First Author  Fiedler SE Year  2010
Journal  FEBS Lett Volume  584
Issue  5 Pages  873-7
PubMed ID  20138877 Mgi Jnum  J:157523
Mgi Id  MGI:4431088 Doi  10.1016/j.febslet.2010.02.007
Citation  Fiedler SE, et al. (2010) Myeloid translocation gene 16b is a dual A-kinase anchoring protein that interacts selectively with plexins in a phospho-regulated manner. FEBS Lett 584(5):873-7
abstractText  The myeloid translocation gene (MTG) homologue Nervy associates with PlexinA on the plasma membrane, where it functions as an A-kinase anchoring protein (AKAP) to modulate plexin-mediated semaphorin signaling in Drosophila.
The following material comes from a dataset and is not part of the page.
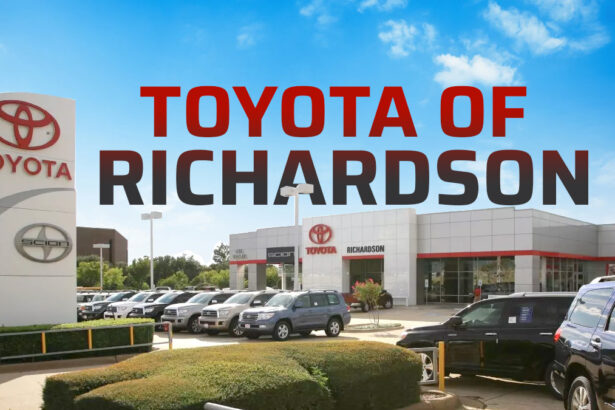 Exterior view of Toyota of Richardson dealership showcasing cars and signage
Mammalian MTG16b is an AKAP found in immune cells where plexin-mediated semaphorin signaling regulates immune responses. This study provides the first evidence that MTG16b is a dual AKAP capable of binding plexins. These interactions are selective (PlexinA1 and A3 bind MTG, while PlexinB1 does not) and can be regulated by PKA-phosphorylation. Collectively, these data suggest a possible mechanism for the targeting and integration of adenosine 3',5'-cyclic monophosphate (cAMP) and semaphorin signaling in immune cells.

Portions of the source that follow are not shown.